YOUR TASK =
Restate the entries below in full, exactly as they read, but without pictures.

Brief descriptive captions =
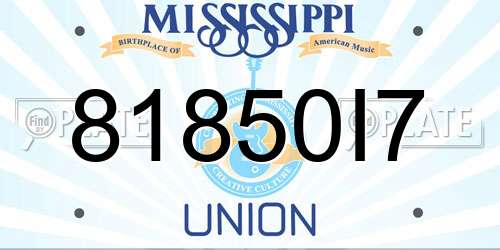 81850I7 Mississippi License Plate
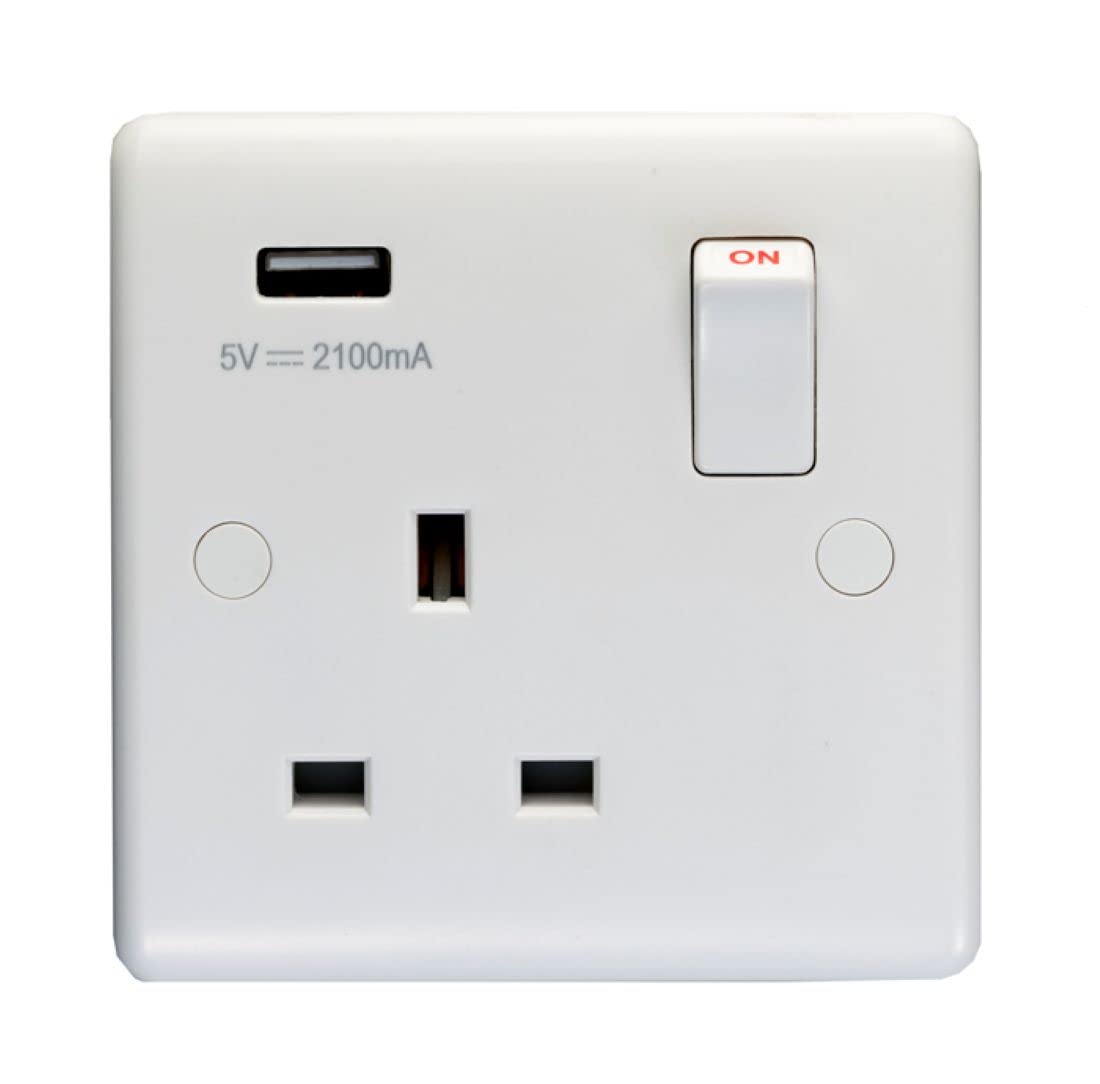 Eurolite Enhance White Plastic 13A 1 Gang Switched Socket With USB Charger (5V DC 2.1A)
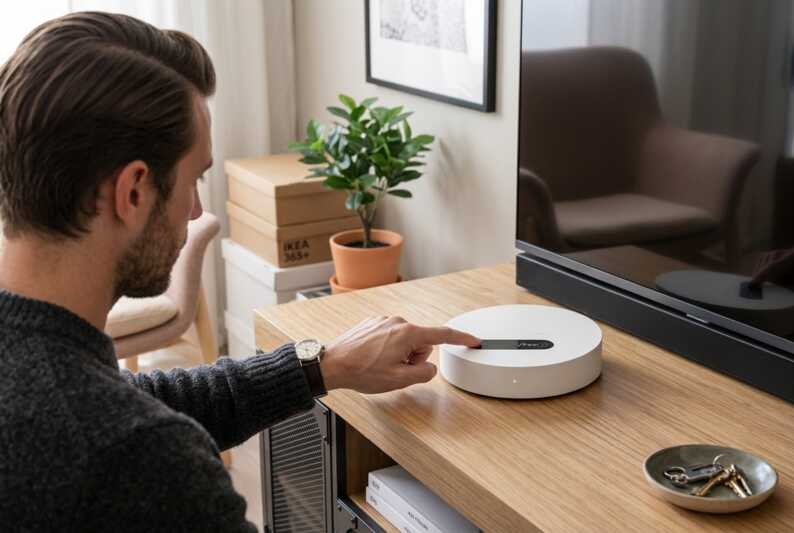 Un homme utilise une Freebox Pop posée sur un meuble dans un intérieur de style Ikea.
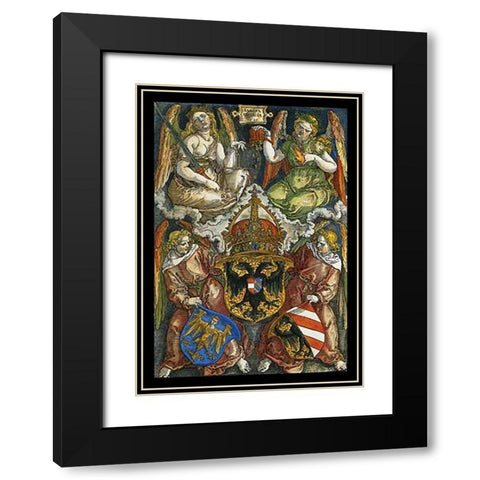 Allegory Of Justice With Coats Of Arms Of Germany And Nuremberg Black Modern Wood Framed Art Print with Double Matting by Durer, Albrecht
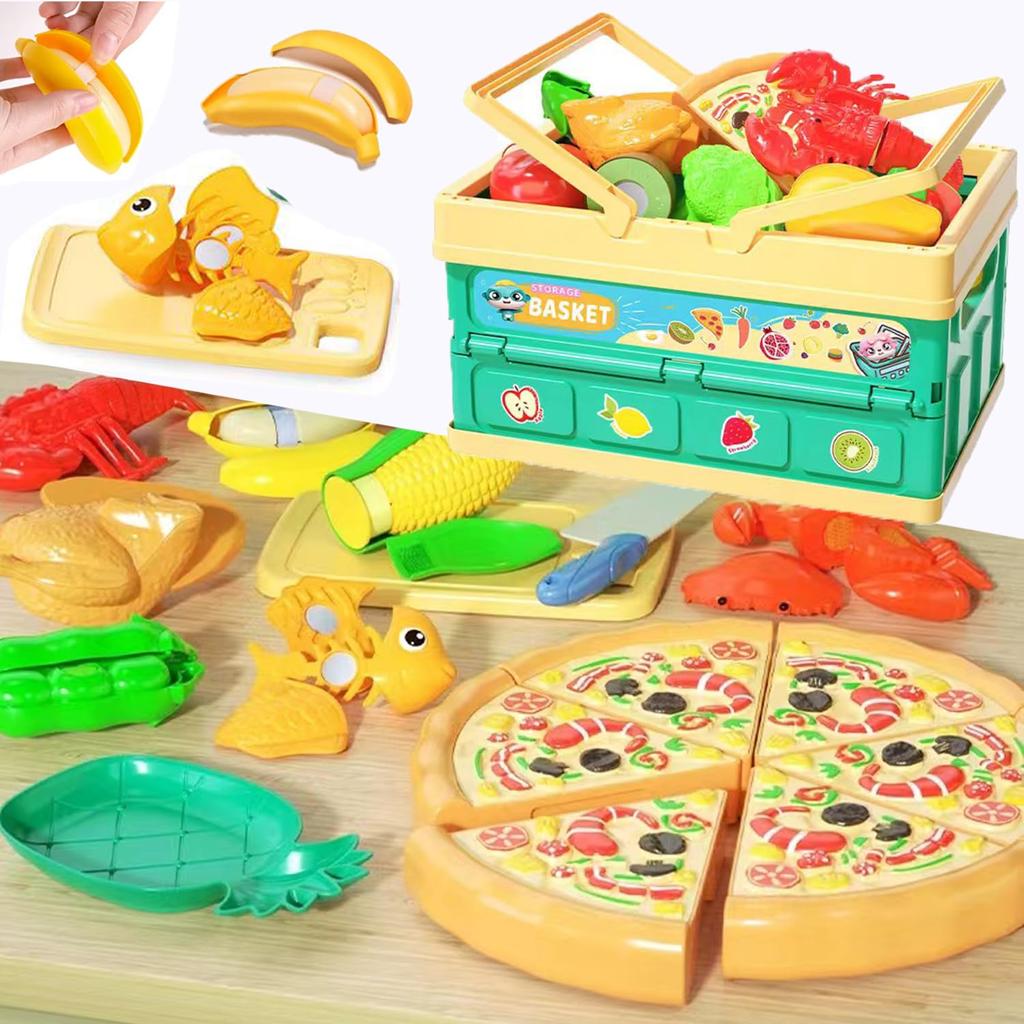 La Gacela Pretend Play Set with Storage Kitchen Pretend Luxury Birthday Kitchen Toy 55-Piece Vegetables, Fruits, Tableware, Seafood, Basket, Toy,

RESULT OF THIS EXERCISE =
 81850I7 Mississippi License Plate
 Eurolite Enhance White Plastic 13A 1 Gang Switched Socket With USB Charger (5V DC 2.1A)
 Un homme utilise une Freebox Pop posée sur un meuble dans un intérieur de style Ikea.
 Allegory Of Justice With Coats Of Arms Of Germany And Nuremberg Black Modern Wood Framed Art Print with Double Matting by Durer, Albrecht
 La Gacela Pretend Play Set with Storage Kitchen Pretend Luxury Birthday Kitchen Toy 55-Piece Vegetables, Fruits, Tableware, Seafood, Basket, Toy,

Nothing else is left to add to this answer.